Hi, I am trying to replace a make based work flow ...
# ask-community
y
Hi, I am trying to replace a make based work flow with prefect. I was wondering how I can implement a file centric work flow. If an upstream task doesn’t have a return value but generates a file instead, and the downstream task takes that file as input and process that file, what is the best way to specify such dependency? Here’s a simple mock-up for my question:
Copy code
class GenerateFile( Task ):
  def run( self ):
    with open( 'result.txt', 'w' ) as f:
      f.write( f'This file is generated by {self.name}.' )

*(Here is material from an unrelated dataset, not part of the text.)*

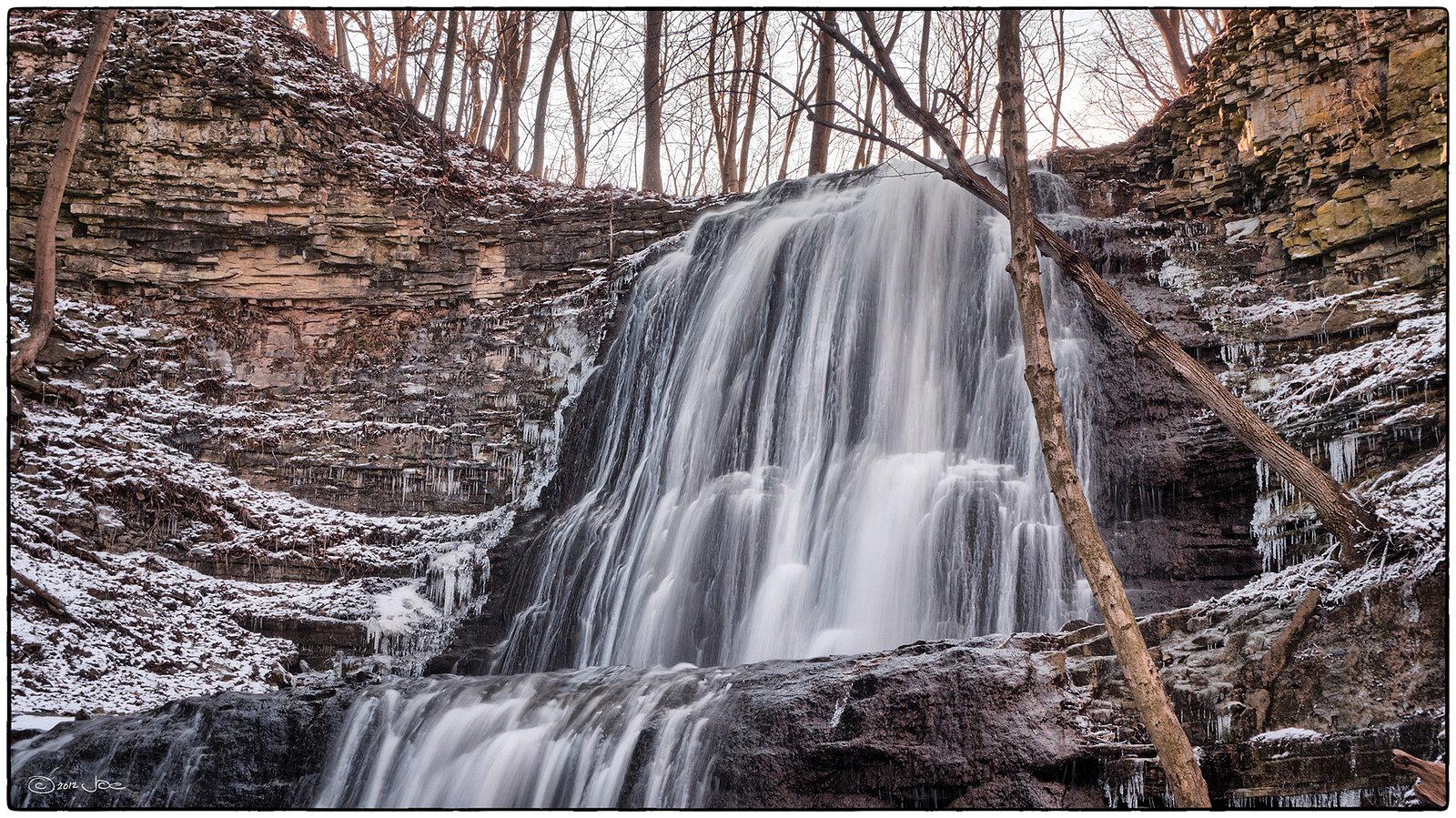 Little Canterbury Falls waterfall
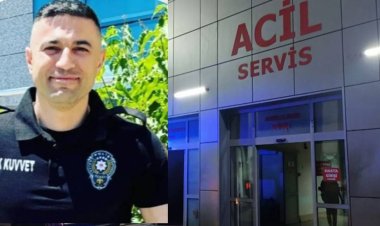 VAN'DA POLİS MEMURU EVİNDE İNTİHAR ETTİ!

class ProcessFile( Task ):
  def run( self ):
    with open( 'result.txt', 'r' ) as f:
      print( f.read() )

gen_task   = GenerateFile()
print_task = PrintFile()

with Flow( 'test caching' ) as flow:
  gen_result   = gen_task()
  print_result = print_task( upstream_tasks=[ gen_result ] )
Is there a better way to do it other than manually set the
upstream_tasks
? Another question is how can I specify the generated file as target such that I get the same caching behavior as make? I tried
Copy code
gen_task   = GenerateFile( target='result.txt', checkpoint=True, result=LocalResult( dir='.' ) )
but it does not seem to work.
e
I would return the filename or filepath from
GenerateFile
, and use the upstream value as filename in
ProcessFile
, rather than hardcoding in
ProcessFile
. I am not experienced with make, or prefect checkpoints, but your caching may not be working because
GenerateFile
has no return value, i.e. nothing to cache.
y
Right - returning the filepath should be a way to work around it. But then I think prefect will cache the filepath rather than the file itself?
e
yeah, I usually persist files in a storage external to the flows runtime, such as aws s3. Then my file reading tasks handles how to read from s3, much like how your
ProcessFile
handles how to read from local storage.